▸ Your task: Within the listing that follows, reproduce exactly the lines starting at the line with "Hello Sofia شقة *" and ending at the line with "Jordan 1 High", inclusive, and only those. Pictures are dropped.

▸ Data records:
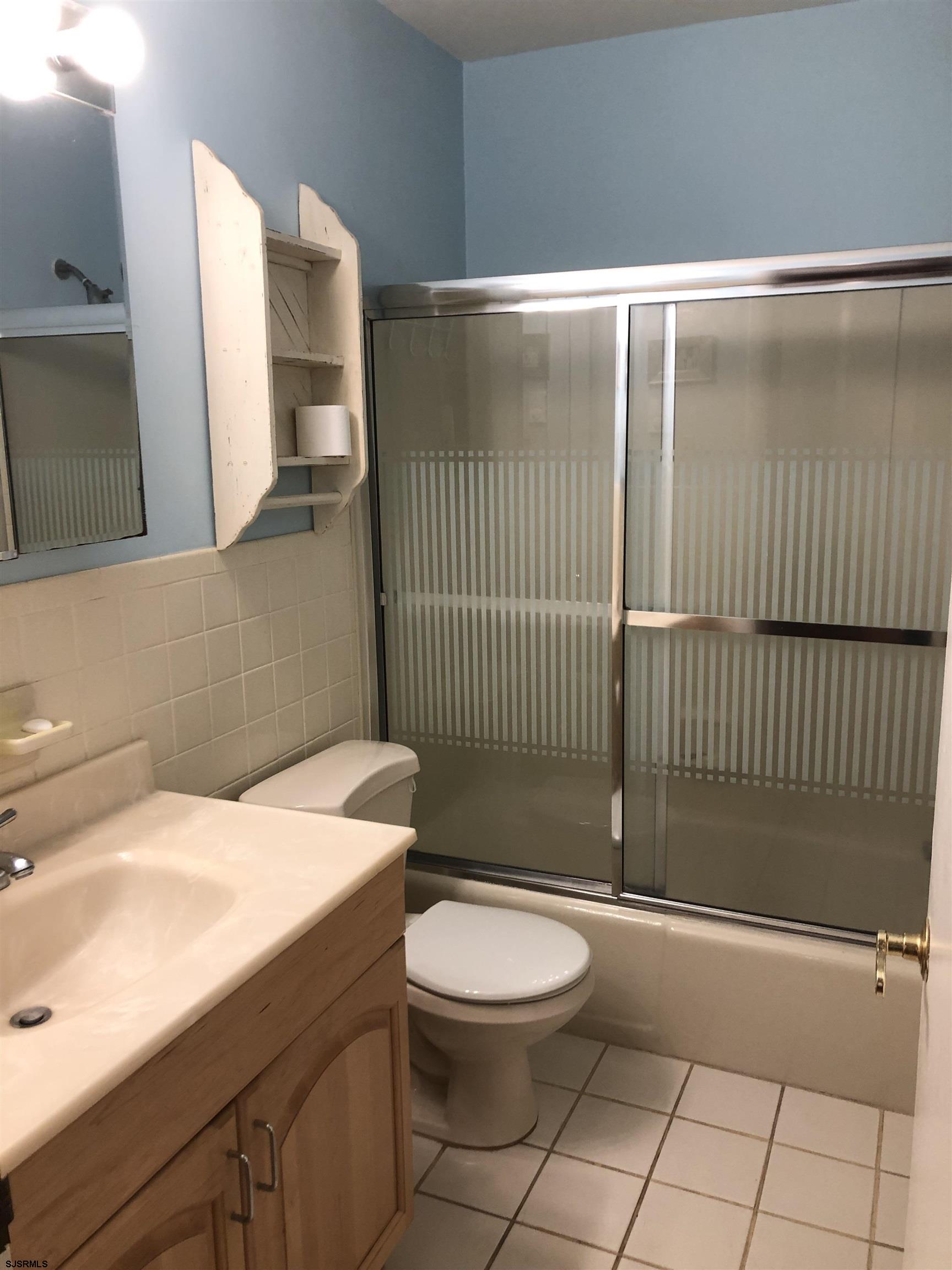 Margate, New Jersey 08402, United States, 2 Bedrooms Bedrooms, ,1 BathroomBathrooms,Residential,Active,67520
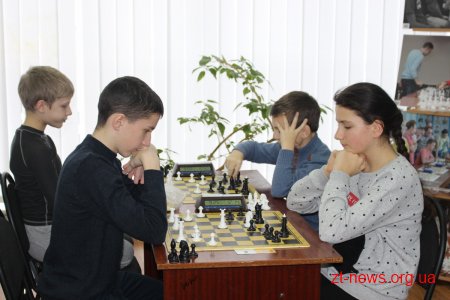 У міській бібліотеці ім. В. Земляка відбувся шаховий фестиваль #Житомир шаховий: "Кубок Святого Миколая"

--

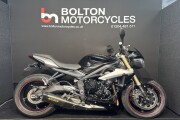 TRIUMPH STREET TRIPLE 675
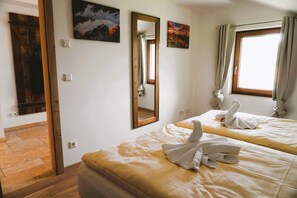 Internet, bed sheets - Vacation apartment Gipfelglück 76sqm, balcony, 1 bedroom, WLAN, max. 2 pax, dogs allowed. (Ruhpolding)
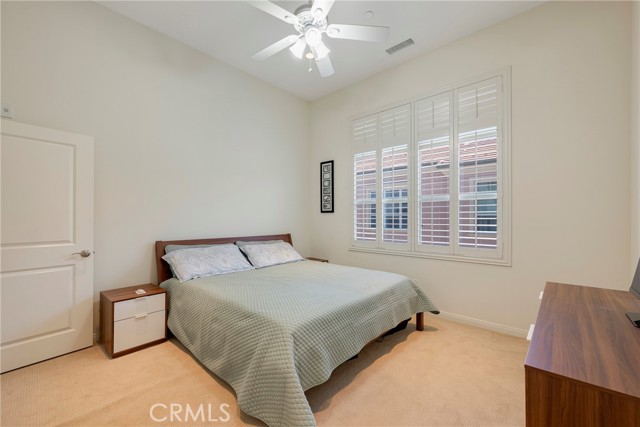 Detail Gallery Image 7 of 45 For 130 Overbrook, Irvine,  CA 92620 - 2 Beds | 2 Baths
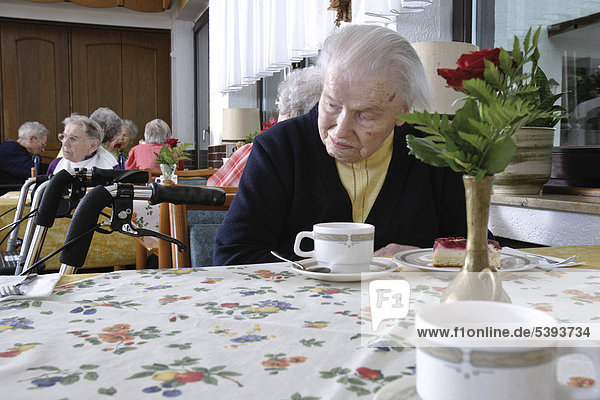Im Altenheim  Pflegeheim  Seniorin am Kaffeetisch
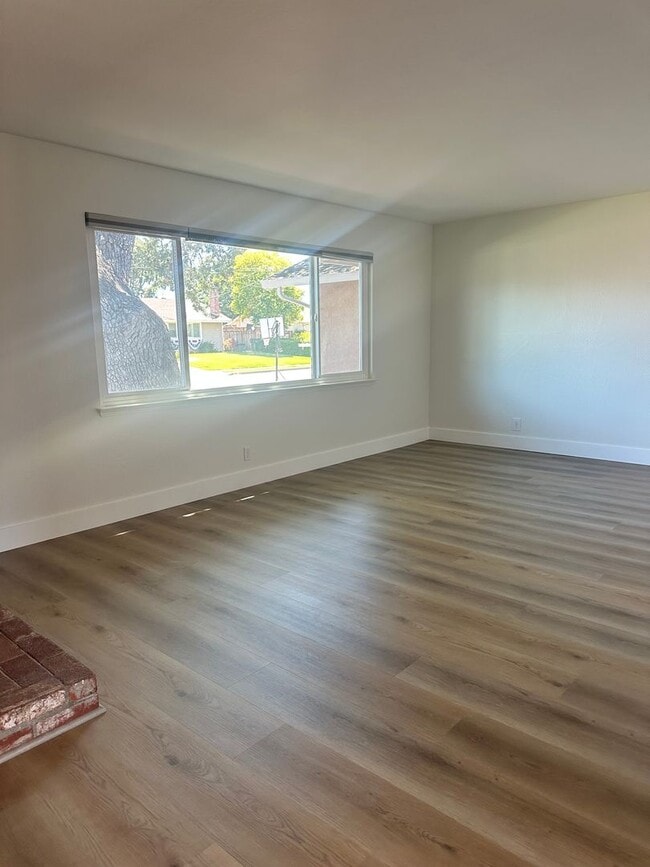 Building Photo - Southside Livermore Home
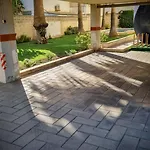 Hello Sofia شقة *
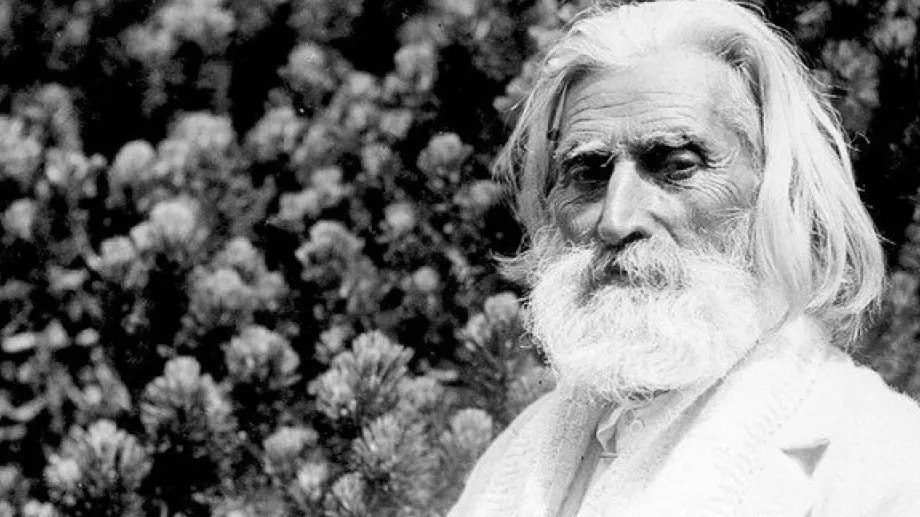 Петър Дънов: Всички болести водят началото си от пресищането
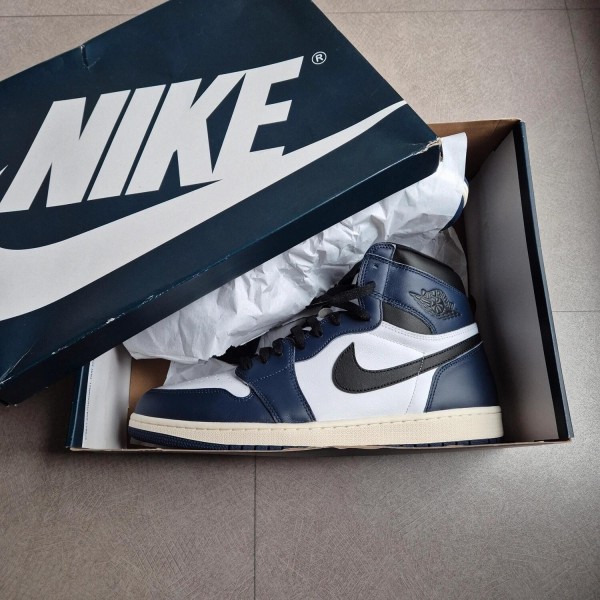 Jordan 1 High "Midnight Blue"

▸ Solved exercise:
 Hello Sofia شقة *
 Петър Дънов: Всички болести водят началото си от пресищането
 Jordan 1 High "Midnight Blue"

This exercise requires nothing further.